On Mon, May 23, 2011 at 4:03 PM, Michal Čihař
<michal(a)cihar.com> wrote:
Hi
Dne Sat, 21 May 2011 06:38:47 -0400
Marc Delisle <marc(a)infomarc.info> napsal(a):
I would say no. Anyway, looking at the
development done for 3.4, the
trend is to avoid inline js. We are now supposed to use jQuery to make
visible a link or button that brings the user to a feature that requires js.
Yes, dropping inline js should be a goal to avoid need for inline and
eval options in CSP.
Note that 3.3 and 3.4 have problems with this.
For example, Synchronize
should not be shown to non-js users. Clearly, testing on non-js browsers
has not been our priority.
Well I doubt it was tested without javascript at all.

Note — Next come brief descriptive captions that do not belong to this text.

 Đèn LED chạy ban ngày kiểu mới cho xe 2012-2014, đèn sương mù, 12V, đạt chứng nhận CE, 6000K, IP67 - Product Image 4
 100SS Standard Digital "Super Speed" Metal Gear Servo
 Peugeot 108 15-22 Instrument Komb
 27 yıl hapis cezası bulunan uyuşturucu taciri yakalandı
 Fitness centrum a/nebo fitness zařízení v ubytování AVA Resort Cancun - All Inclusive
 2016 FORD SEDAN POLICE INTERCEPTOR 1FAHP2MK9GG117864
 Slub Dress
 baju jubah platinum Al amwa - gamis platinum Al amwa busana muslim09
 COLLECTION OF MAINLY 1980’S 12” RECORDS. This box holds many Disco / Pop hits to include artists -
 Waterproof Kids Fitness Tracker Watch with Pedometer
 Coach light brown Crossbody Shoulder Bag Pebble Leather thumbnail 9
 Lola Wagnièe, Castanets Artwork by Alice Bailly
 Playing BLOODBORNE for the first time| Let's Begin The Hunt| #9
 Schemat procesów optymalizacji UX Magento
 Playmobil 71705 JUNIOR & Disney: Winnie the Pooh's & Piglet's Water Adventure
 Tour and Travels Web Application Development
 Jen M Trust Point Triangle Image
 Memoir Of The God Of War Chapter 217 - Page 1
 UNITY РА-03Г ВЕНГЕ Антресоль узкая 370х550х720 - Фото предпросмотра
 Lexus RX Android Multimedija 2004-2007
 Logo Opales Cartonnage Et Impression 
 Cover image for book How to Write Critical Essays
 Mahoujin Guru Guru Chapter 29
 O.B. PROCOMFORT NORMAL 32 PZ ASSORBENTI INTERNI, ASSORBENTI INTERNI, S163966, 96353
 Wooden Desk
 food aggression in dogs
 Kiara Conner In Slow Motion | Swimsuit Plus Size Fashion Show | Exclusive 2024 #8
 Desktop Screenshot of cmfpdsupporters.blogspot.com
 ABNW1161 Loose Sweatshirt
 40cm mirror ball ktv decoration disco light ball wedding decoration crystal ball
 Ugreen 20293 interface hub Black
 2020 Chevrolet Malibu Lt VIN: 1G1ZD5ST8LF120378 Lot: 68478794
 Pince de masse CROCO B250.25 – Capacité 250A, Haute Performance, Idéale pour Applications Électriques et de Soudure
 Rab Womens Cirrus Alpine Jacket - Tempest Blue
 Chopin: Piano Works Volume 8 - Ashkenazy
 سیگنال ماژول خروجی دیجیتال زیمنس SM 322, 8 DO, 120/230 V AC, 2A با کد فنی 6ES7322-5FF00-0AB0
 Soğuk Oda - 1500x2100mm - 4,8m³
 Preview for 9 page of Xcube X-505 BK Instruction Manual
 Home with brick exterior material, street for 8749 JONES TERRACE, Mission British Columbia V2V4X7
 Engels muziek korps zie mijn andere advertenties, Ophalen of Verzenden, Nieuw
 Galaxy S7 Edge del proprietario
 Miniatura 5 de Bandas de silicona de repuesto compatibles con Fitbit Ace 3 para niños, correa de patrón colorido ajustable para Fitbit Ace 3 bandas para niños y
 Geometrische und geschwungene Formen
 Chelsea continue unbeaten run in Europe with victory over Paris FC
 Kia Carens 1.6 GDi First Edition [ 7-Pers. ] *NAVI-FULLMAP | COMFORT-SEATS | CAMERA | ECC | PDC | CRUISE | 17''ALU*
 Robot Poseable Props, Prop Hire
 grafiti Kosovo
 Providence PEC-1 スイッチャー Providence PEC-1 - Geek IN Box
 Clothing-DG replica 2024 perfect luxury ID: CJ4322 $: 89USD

Probably it's really time to drop support for browsers without
javascript, it would make lot of things easier. However what I would
like to avoid is making all things using javascript. I really prefer
when I can open link in new tab when I want and this does not work with
javascript only solutions.
It does, if its done right. It works when you represent links with
anchors (and ideally use a js history lib like RSH:
)
I've implemented such behavior for my CMS that I'm using on my website
tyron.at where pages are being loaded with ajax whenever you click a
link. You can try it out there - to open a link in a new tab.